Baik Imam An-Nawawi, Imam Ar-Raghib Al-Ashfahani maupun Al-Hafizh Ibnu Katsir dalam tafsirnya yang kami kutif dalam sebuah situs on-line: http://blog.re.or.id/takwa-2.htm, memaknai takwa sebagai sebuah sikap dan tindakan yang mencerminkan ketaatan terhadap perintah dan larangan Allah SWT. Seseorang yang bertakwa akan terlihat dari sikap dan tingkah lakunya yang selalu menjalankan apa saja yang diperintahkan dan meninggalkan segala hal yang dilarang oleh Allah SWT. Berdasarkan uraian ini, dapat disimpulkan bahwa karakteristik seseorang yang bertakwa sejatinya dimiliki juga oleh seseorang yang beriman karena pada dasarnya takwa tersebut merupakan buah dari keimanan yang dimiliki oleh seseorang.
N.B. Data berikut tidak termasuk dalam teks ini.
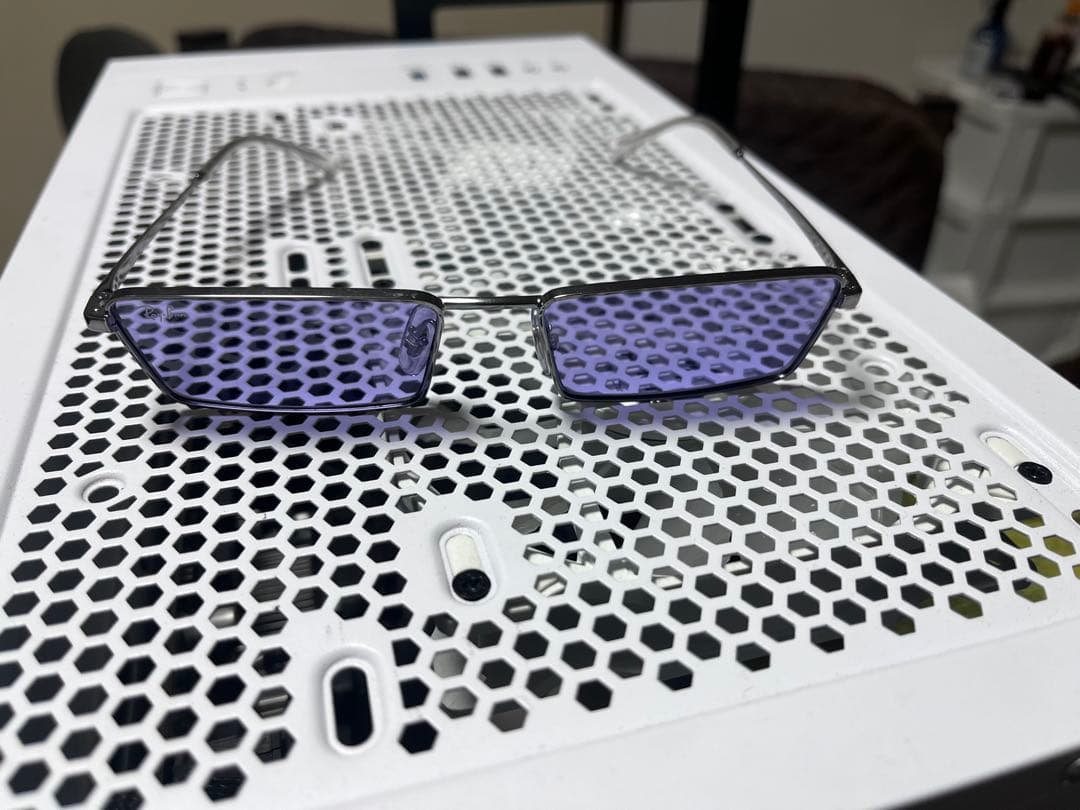 Ray-Ban 紫色レンズ 四角形サングラスRB3741 EMY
Dengan ibadah puasa, sebagaimana tersurat dalam Al-Qur’an Surah Al-Baqarah Ayat 183, seseorang yang telah memiliki keimanan kepada Allah SWT dan RasulNya diharapkan mampu menjadi seorang hamba yang bertakwa yaitu hamba yang selalu menjalankan segala perintahNya dan meninggalkan apapun yang dilarangNya. Dengan ibadah puasa yang telah kita jalankan selama 3 (tiga) hari ini dapat menjadi pemantik berkobarnya api ketakwaan dalam diri kita dan insyaAllah kita semua akan dimasukkan ke dalam orang-orang yang bertakwa. Amien Ya. Rabbal’alamien.

Demikianlah yang bisa kami sampaikan pada kesempatan yang mulia ini. Semoga dengan pemahaman yang lebih dalam tentang ibadah puasa ini, kita bisa menjadkannya sebagai landasan untuk menggali dan mengetahui ‘rahasia’ Allah dibalik perintah ibadah tersebut. Tentu yang lebih penting lagi kami berharap hal ini bisa menjadi motivasi bagi kita semua untuk melaksanakan ibadah puasa sebaik-baiknya sebagaimana yang diperintahkan oleh Allah SWT dalam Al-Qur’an dan tuntunan Rasulullah Muhammad SAW. Bila dalam penyampaian kami ini terdapat kesalahan atau kehilafan, kami mohon maaf yang sebesar-besarnya. Wassalamu’alaikum Warahmatullah Wabarakatuh.